Florida State Seminoles
- Title: Associate head coach
- League: Atlantic Coast Conference

Personal information
- Born: December 3, 1978 (age 47) Syosset, New York, U.S.
- Listed height: 6 ft 7 in (2.01 m)
- Listed weight: 227 lb (103 kg)

Career information
- High school: St. Dominic (Oyster Bay, New York)
- College: William & Mary (1997–2001)
- NBA draft: 2001: undrafted
- Playing career: 2001–2011
- Position: Small forward
- Coaching career: 2015–present

Career history

Playing
- 2001–2011: Gran Canaria

Coaching
- 2015–2021: Portland Trail Blazers (assistant)
- 2021–2023: Detroit Pistons (assistant)
- 2023–2024: Rip City Remix
- 2024–2025: Sacramento Kings (assistant)
- 2025–present: Florida State (associate HC)

Career highlights
- As player: 5× Copa Toyota champion (2003–2007); 2× Second-team All-CAA (2000, 2001); No. 20 retired by Gran Canaria;

= Jim Moran (basketball) =

American-Irish basketball player and coach (born 1978)
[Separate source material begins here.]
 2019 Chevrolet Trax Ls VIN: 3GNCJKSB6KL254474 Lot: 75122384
James Timothy Moran (born December 3, 1978) is an American-Irish former professional basketball player and current coach who is the associate head coach of the Florida State Seminoles of the Atlantic Coast Conference.

==Playing career==
Moran was born in Syosset, New York and attended St. Dominic High School in Oyster Bay from 1993 to 1997. He played on a state championship team during his prep years. After graduating, Moran played four years of college basketball at William & Mary (1997–2001) where he scored 1,324 points and was a two-time All-Colonial Athletic Association (CAA) Team member in his junior and senior seasons.
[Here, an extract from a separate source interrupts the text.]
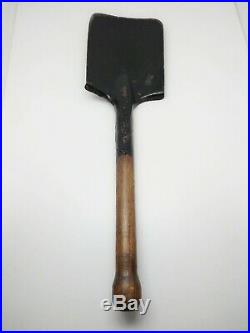 Original Germany Army WW2 WWII WEHRMACHT Shovel Stamp Wolf Head Military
Moran played his entire professional career for CB Gran Canaria in Spain's Liga ACB (2001 to 2011). On April 21, 2013, Moran became the only player in Gran Canaria history to have his jersey retired. In 10 seasons with the team he recorded 2,060 points, 802 rebounds and 321 assists in 7,452 minutes.

Moran has also competed for Ireland's national team.

==Coaching career==
In November 2013, Moran began his coaching career as a player development coach for the NBA Development League's Maine Red Claws. He then became the Portland Trail Blazers' associate video coordinator for the 2014–15 season. The Trail Blazers finished that season with a 51–31 record, a Northwest Division championship, and a berth into the Western Conference playoffs as a fourth-seed. Moran was promoted to be a full-time assistant coach upon the start of the 2015–16 season. He then spent the next six years with Portland, but was fired as part of a wholesale coaching staff change at the conclusion of the 2020–21 season. Moran was hired soon thereafter as a top assistant for the Detroit Pistons.

On June 15, 2023, Moran was named the first ever head coach of the Rip City Remix, Portland's G League affiliate.

On July 25, 2024, Moran joined the Sacramento Kings as an assistant coach and on September 9, he was officially named an assistant coach.

On April 21, 2025, Moran was hired to serve as an assistant coach at Florida State under head coach Luke Loucks.